Es mag für uns lange her sein, dass wir die Nummer geschrieben haben, doch gemessen an der Kulturgeschichte ist das doch nur ein Wimpernschlag. Wir reden da von vielen hundert oder gar tausend Jahren. Da können ein paar Jahrzehnte nicht viel ausrichten. Der Wandel wird kommen. Aber es wird nicht schnell gehen. Deswegen ist Fight The Power immer noch gültig.

Es ist Alarmstufe rot hier in den USA.

Auch im Hinblick auf die anstehenden Wahlen in den USA?

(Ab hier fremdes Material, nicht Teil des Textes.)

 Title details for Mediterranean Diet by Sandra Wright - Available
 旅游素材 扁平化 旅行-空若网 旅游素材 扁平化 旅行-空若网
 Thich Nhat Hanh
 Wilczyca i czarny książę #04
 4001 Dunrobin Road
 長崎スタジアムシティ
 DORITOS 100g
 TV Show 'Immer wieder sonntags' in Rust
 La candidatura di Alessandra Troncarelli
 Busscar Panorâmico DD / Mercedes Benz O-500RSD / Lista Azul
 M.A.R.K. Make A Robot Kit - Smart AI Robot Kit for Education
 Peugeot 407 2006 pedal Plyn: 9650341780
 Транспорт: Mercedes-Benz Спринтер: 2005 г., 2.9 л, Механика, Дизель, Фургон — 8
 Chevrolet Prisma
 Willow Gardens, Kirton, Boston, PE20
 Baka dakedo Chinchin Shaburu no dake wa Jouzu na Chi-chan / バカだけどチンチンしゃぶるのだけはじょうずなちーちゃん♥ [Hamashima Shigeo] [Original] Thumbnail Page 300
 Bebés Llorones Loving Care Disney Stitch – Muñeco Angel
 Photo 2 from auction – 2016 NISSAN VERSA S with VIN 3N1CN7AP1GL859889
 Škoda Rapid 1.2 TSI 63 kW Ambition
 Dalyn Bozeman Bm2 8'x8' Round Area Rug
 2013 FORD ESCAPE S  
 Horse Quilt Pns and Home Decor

Mann, klar. Wir leben im Notstand. Amerika steht am Abgrund. Es ist Alarmstufe rot hier in den USA. Jetzt müssen wir zeigen, auf welcher Seite wir stehen. Und wenn Trump wiedergewählt wird, stürzen wir in den Faschismus.

Wird die Black Lives Matter-Bewegung ausreichen, um einen Wandel herbeizuführen?

Diese Bewegung ist extrem wichtig. Es ist aber noch wichtiger, dass es nicht dabei bleibt. Es gibt so viele andere Bewegungen da draußen, die alle dasselbe Ziel verfolgen. Wir müssen uns als großes Kollektiv zusammentun, dann hört man uns. Der Einzelne hat keine Stimme, die laut genug ist.

Dein Kumpel Ice-T hat seine ganz eigenen Gedanken zu diesem Thema im Body-Count-Song No Lives Matter zusammengefasst. Was hältst du davon?

Ich sage nur so viel: Was auch immer Ice-T macht, ist genial.